▶ [Entries provided]:
________________
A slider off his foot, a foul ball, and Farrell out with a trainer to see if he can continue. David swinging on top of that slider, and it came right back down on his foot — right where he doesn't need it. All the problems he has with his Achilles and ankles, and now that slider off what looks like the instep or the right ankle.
________________
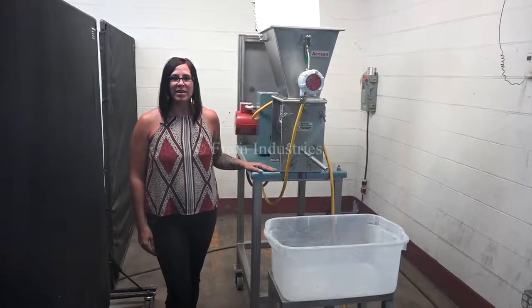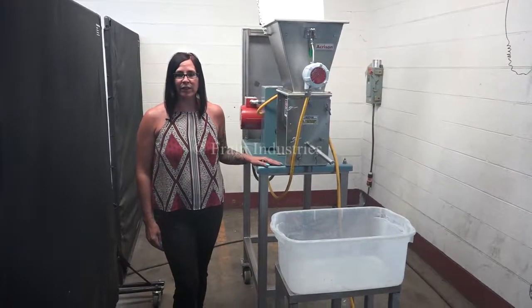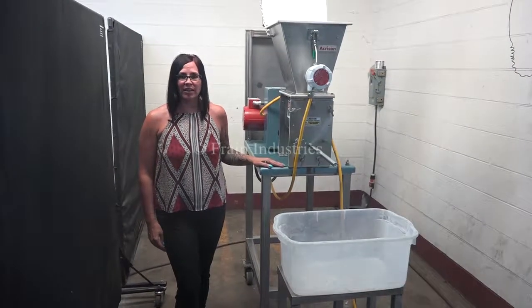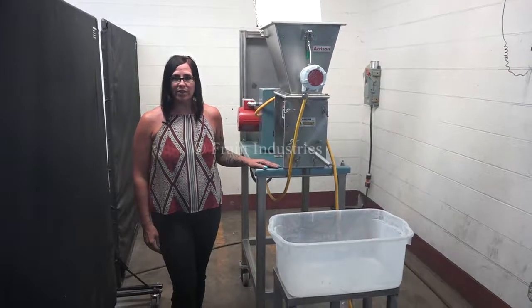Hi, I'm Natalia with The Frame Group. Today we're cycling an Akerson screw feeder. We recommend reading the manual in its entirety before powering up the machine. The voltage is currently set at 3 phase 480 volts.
________________
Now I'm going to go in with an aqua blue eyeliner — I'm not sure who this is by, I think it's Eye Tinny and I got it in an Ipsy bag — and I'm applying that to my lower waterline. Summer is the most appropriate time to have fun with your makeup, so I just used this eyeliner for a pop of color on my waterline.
________________
▶ [Activity]:
Show each line of the records above containing "that".

▶ [Answer to the problem]:
A slider off his foot, a foul ball, and Farrell out with a trainer to see if he can continue. David swinging on top of that slider, and it came right back down on his foot — right where he doesn't need it. All the problems he has with his Achilles and ankles, and now that slider off what looks like the instep or the right ankle.
Now I'm going to go in with an aqua blue eyeliner — I'm not sure who this is by, I think it's Eye Tinny and I got it in an Ipsy bag — and I'm applying that to my lower waterline. Summer is the most appropriate time to have fun with your makeup, so I just used this eyeliner for a pop of color on my waterline.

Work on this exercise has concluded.